From what I can tell by googling,no, it is not Catholic.

St Thomas Christian Church History
 
Well I did a sort search of the site you have linked in your post and found a link on the Clergy Online Resource Center part of the site.

The document is titled Relationship with the Vatican and the Phanar.

mishqana.org/en/clergyresources/article_vaticanandphanar.php

If you go there and read it you will see that they are not in communion with either Rome or the Orthodox.

They are what the Orthodox call a vagante or non-canonical group.
 
Well.

One can’t argue with their website development, it’s pretty good!

That should teach us a lesson, the internet has a way of leveling the playing field, the local dollar store can look as prestigious and sophisticated as Sears if they put enough effort into their website.

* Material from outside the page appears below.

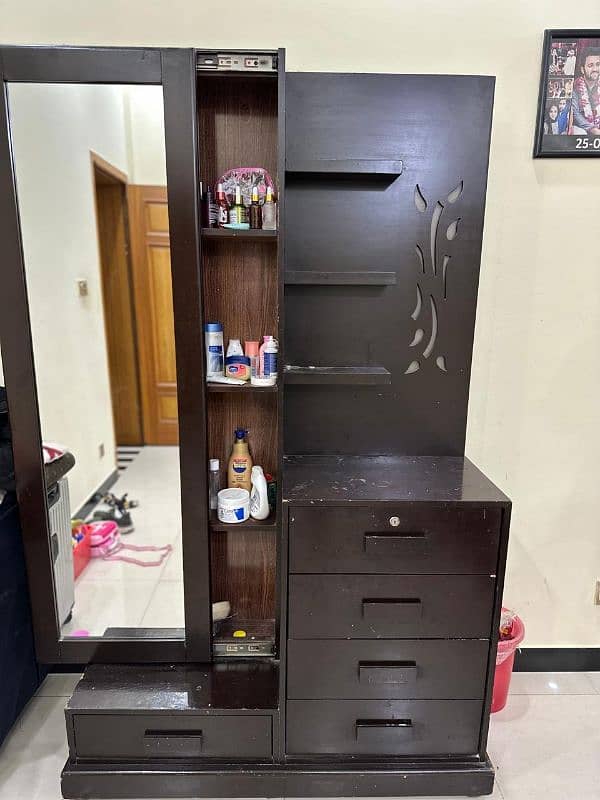 bedroom set available for sale 9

This group might have only one or two people behind it, but it looks like a large sophisticated organization, compared to the sites of some legitimate Catholic and Orthodox churches I have seen.
 
Thanks for all of the replies.

My impression was that they were a schism or splinter of the Eastern Orthodox, with perhaps a few thousands of members worldwide. I could find nothing about them apart from their own website, which is why I took the time to post the question here. One gets the impression from parts of their website that they would be better known in other parts of the world–specifically the Middle East–than they are in the West. I doubted they were Eastern Rite Catholics, but still hoped someone would know more about them than I could deduce from a once-over of their websites.

Are ‘Vagante’ Orthodox deemed schismatic or outright heretical? This group lays heavy emphasis upon having a ‘valid succession’. Could someone define ‘Vagante’ Orthodox more fully? Thanks!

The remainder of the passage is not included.